Según el británico, que llegó a semifinales en el Roland Garros de los argentinos en 2004, entre Montecarlo, Barcelona, Madrid y Roma, es decir, en los próximos torneos, Alcaraz será más consistente y sumará más de un título: "Es la oportunidad perfecta para responder a las últimas derrotas y jugar mejor". Pero otros no opinan como él.

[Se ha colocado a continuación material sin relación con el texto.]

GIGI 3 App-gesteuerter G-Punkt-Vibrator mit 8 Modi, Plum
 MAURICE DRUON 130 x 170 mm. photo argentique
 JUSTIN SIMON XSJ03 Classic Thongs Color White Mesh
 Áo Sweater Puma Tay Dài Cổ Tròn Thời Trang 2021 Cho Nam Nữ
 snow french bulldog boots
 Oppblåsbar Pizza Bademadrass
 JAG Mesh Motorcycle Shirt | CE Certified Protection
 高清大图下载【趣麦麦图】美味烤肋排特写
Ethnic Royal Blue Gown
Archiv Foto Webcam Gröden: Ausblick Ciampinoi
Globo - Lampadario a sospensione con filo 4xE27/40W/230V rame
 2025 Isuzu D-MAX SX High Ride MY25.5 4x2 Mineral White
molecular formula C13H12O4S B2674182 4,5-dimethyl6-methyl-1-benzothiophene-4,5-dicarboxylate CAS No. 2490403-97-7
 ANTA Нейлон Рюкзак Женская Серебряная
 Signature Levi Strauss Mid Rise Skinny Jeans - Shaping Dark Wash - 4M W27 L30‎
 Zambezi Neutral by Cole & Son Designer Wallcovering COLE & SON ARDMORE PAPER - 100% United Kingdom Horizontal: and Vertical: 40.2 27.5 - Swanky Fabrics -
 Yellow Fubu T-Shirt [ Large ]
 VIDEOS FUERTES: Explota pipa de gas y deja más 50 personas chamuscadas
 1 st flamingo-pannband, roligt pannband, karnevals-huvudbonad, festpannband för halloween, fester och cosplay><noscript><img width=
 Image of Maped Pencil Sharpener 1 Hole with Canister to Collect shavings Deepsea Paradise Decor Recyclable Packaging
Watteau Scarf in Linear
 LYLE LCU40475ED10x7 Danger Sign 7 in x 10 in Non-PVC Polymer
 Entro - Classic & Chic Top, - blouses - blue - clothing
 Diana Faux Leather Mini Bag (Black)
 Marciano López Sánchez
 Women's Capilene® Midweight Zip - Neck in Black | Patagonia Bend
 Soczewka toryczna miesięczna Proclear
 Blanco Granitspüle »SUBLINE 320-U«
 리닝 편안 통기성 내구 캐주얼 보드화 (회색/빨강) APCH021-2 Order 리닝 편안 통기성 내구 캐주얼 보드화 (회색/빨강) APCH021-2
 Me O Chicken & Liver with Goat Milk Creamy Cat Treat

"A veces hará milagros, a veces perderá"
"Alcaraz pasará por estas inconsistencias en toda su carrera. A veces hará milagros y a veces perderá el partido", asegura Mats Wilander, ex número uno y ganador de siete Grand Slam, también analista de Eurosport y Max. El sueco pone como ejemplo la derrota ante Draper en las semifinales del Masters 1000 de Indian Wells, cuando regaló el primer set, deslumbró en el segundo y acabó cediendo el tercero: "Es muy extraño perder así. Perder no es un gran problema, es normal, pero es difícil ver a un número uno perder un set así, remontar y al final caer. Hay que remontarse a la época de Agassi, que brillaba en un Grand Slam y luego caía en primera ronda, para recordar un caso similar".
"Cuando pasa por una mala racha, su entrenador, Juan Carlos Ferrero, se tiene que plantear: ¿Qué hacemos ahora? Es difícil porque Alcaraz juega como juega Alcaraz y si cambia de táctica puede no funcionarle. Personalmente espero que no juegue de otra manera porque así es muy divertido, pero es inconsistente", finaliza Wilander que, pese a todo, también cree que el español brillará sobre arcilla.
Vacaciones en la Riviera Maya
Al fin y al cabo, es la superficie que mejor se adapta a su tenis y donde cuenta con más margen de error, sobre todo en Roland Garros a cinco sets. El año pasado, su gira fue incompleta, con la ausencia en Montecarlo, Barcelona y Roma y el tropiezo temprano en Madrid, y por eso ahora está ante una oportunidad. Antes de llegar a París podría sumar hasta 2.375 puntos en el ránking ATP, acercarse al segundo puesto de Alexander Zverev y asegurarse un cuadro más amable en el Grand Slam. Además, claro, tiene la oportunidad de aumentar su palmarés en los torneos Masters 1000, una categoría donde sólo ha mandado cinco veces, pese a sus cuatro grandes.
Durante esta semana, antes de viajar ayer a Montecarlo, Alcaraz se ha entrenado junto a Ferrero en las pistas del Real Murcia Club de Tenis, después de pasar nueve días de vacaciones con su familia en la Riviera Maya mexicana. La pronta eliminación del español en Miami le permitió adelantar una desconexión en el resort St. Regis Kanai, que ya tenía programada, con el objetivo de llegar más fresco a los próximos torneos. Ahora, ya descansado, debe abordar la encrucijada que decidirá su carrera: ¿Será siempre así o es algo pasajero?